Bayaguana Medical Clinic
On the way to lunch, Janice noticed a man coming out of a clinic holding a wet X-Ray up to the sun. He hung it on a telephone pole to dry. She got so excited about the potential photograph she wanted to make of him, and it just sucked the enthusiasm right out of me. I might have felt differently about the situation if I was alone, but she kept referring to it as a "photo opp", which bothered me because I felt it objectified the moments that are part of a person's life so that a photographer can take it. It optimizes what I am uncomfortable with in a lot of documentary photography.









Bani Hospital
May 15, 1999. I was mistakenly taken to the big hospital in Bani instead of the clinic in Bayaguana, and compared to the relative calm of the clinic, the Bani hospital felt like entering hell. With gates and bars on the doors, it looked and felt more like a prison than a hospital, and within the first 15 minutes I was overwhelmed. I went up to the maternity ward because I thought it would be easier to handle, but I walked into a room full of beds filled with mothers and their babies, and the smell of urine and feces was overwhelming.
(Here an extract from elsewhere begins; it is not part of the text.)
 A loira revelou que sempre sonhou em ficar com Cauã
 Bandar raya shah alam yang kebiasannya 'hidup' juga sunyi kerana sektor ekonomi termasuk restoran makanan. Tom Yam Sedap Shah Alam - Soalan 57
Women were laying there, half dressed and lifeless, sprawled on their beds. Some paid attention to their babies, some didn't. I started to lose it. I wandered around and tried to find a place that I could connect with, but everything felt so assaulting. I saw women who looked like they had their life sucked right out of them, or were bleeding or in pain, and I asked myself, "How can I photograph them like this?". A camera does not belong in there. I know it is important for other people to see what I saw in the hopes that they are moved to action to help, but I can't take these pictures. They are people who in their most vulnerable moments deserve privacy and dignity. I felt that I had no business being there, imposing myself onto these people's lives.
Life & Death
I have spent a lot of time over the years thinking about, reading about and witnessing death in its various forms, and how death affects life and the living. But what I have seen in these hospitals is not death. But it is not life, either. It is that place of profound suffering in-between.
Giving Back
We had raised a bunch of money for this project, and as the work progressed, we realized we would have some funds leftover and we discussed what we should do with it. One suggestion was to help one of the women who had been helping us. She was a 24-year-old single mother whose house had been destroyed in Hurricane George, and despite her own personal struggles, she donates her time working in one of the hospitals where we had been photographing. She used to sell fruit out of the front of her house to make money, but she was forced to stop, and when we met her she was living in a house that she could be kicked out of at any moment. We offered to help rebuild her house with our remaining funds and volunteer labor.
School for the Deaf
We took a day off from the project and traveled to Puerto Plata, where the team split up to explore on our own. One of the other photographers and I stumbled upon a school for the deaf, a private school. The teacher allowed us to come in and photograph her classroom, and we had the privilege of witnessing some very enthusiastic students studying sign language. We also witnessed the same disparities of access caused by wealth inequality that we see in the US, even in this relatively poor country. While the boys in the classroom got the benefit of being able to attend this private school, giving them hope of not being so limited by their disability, another boy whose family could not afford the tuition sat on his bike in the doorway of classroom, trying to learn as much as he could from a distance.